Will I re-habituate? Tinnitus seems worse

Hi all, little bit stressed out here.

I've had tinnitus for around 6 years and in the main had become totally habituated. It didn't affect my life at all. I still carried earplugs with me and knew to put them in during certain situations, but this was more of a default reaction. In the last 6 years I've had multiple full-time jobs, travelled hundreds of times, gone through some great times as well as some lows and at no point did I feel like tinnitus was an issue for me. I knew I had it, but it just did not impact my life, I didn't notice it.

Maybe once a year in the past 4 years I'd go to a noisy club, not for long and always wearing the custom plugs that reduce DBs by 27. I've always known it's a risk but at the same time I was in my 20s, occasionally I did not want to miss out.

However last week I went to a club for the first time for about a year and it was awful, however my friend seemed to be having a good time so we stayed longer than I ideally wanted. She kept dancing in front of the speaker in quite a small room, I moved her away to the side. I was wearing my plugs. Eventually I did pull her away to leave, I reckon we must have spent 1 hour or 1 hour 15 in the club (some of it in a bigger room).

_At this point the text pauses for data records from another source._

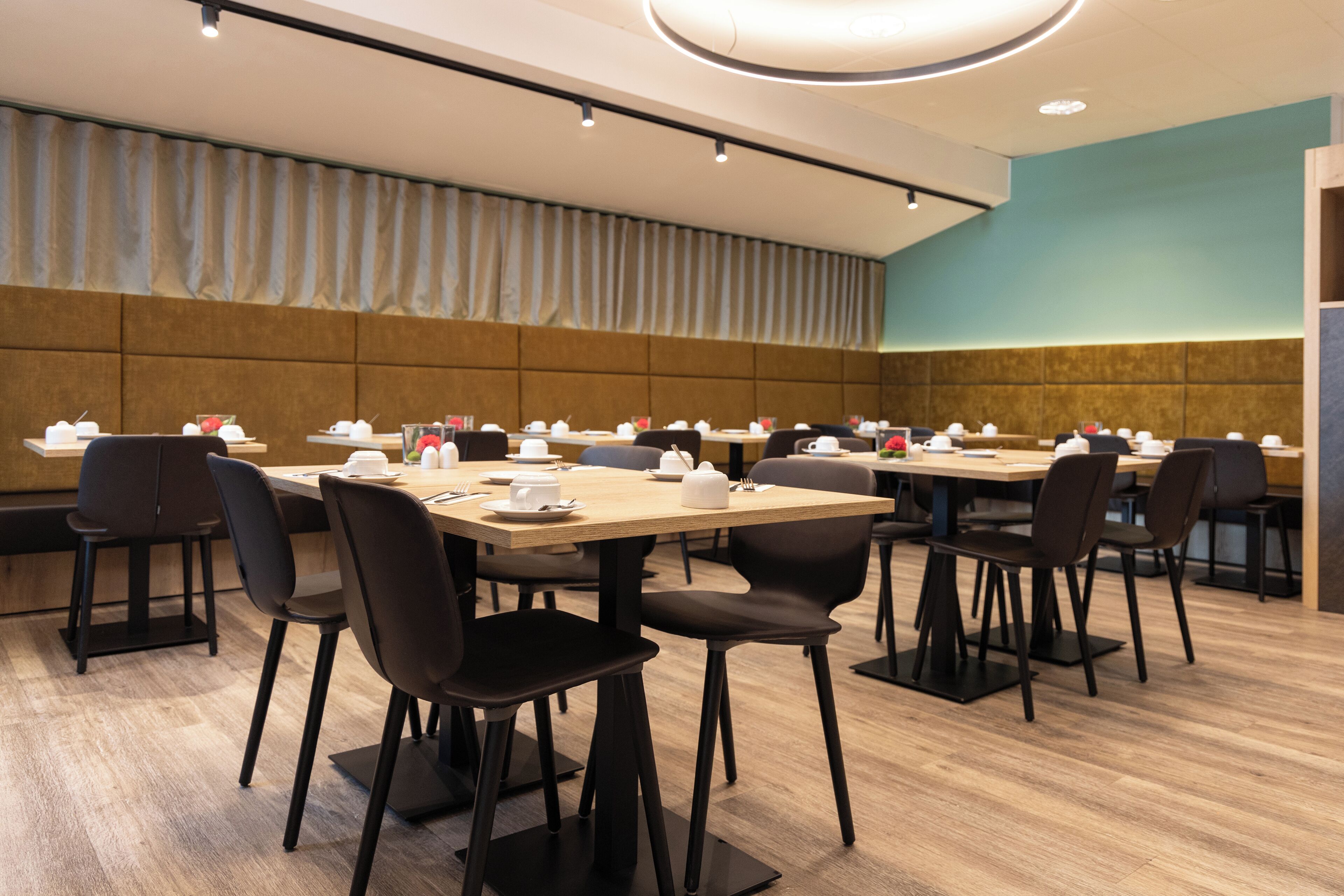 Ein Konferenzraum mit mehreren Tischen und Stühlen, ausgestattet mit Namensschildern und gedeckten Plätzen.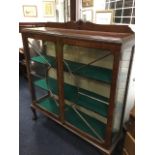 An Edwardian mahogany display cabinet with shaped upstand on rectangular moulded top above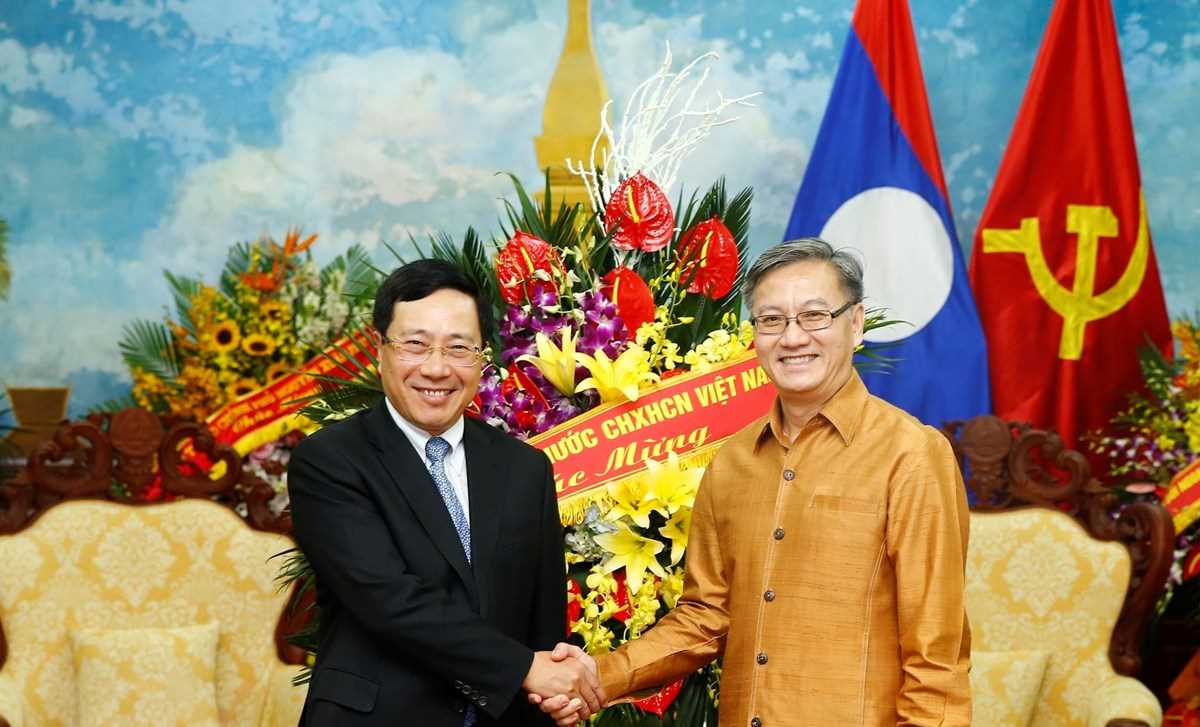 Ph&oacute; Thủ tướng Phạm B&igrave;nh Minh ch&uacute;c mừng Tết cổ truyền Bunpimay của L&agrave;o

I could hear my tinnitus when I went to bed however over the years I've often noticed that if drunk, the blood seems to whoosh and the sounds are amplified. In my experience this is simply being tired and drunk.

However I was nervous that this time around I'd made a mistake, so was pretty anxious the next day. The night after I slept with the radio on, something I haven't done for about 5 years no joke. On Saturday, Sunday, Monday and Tuesday I seemed fine, I was busy having dinner with my dad, food shopping with my boyfriend, we went for a cycle ride, I went to the gym, I hung out with colleagues from work... However it must have been in the back of my mind as for some reason when I got home last night when I started reading the paper in our quiet bedroom it just hit me that all I could hear was loud tinnitus.

Since then I just feel at my wits' end, I feel back to square one and utterly distressed. If I've made the tinnitus worse (even by focusing on it), is it likely I will re-habituate again?

Perhaps it's worth mentioning that for about a week before the club and also after, I've had some pressure problems with my right ear with it suddenly feeling blocked, but then going away. This occurred before I went to the club.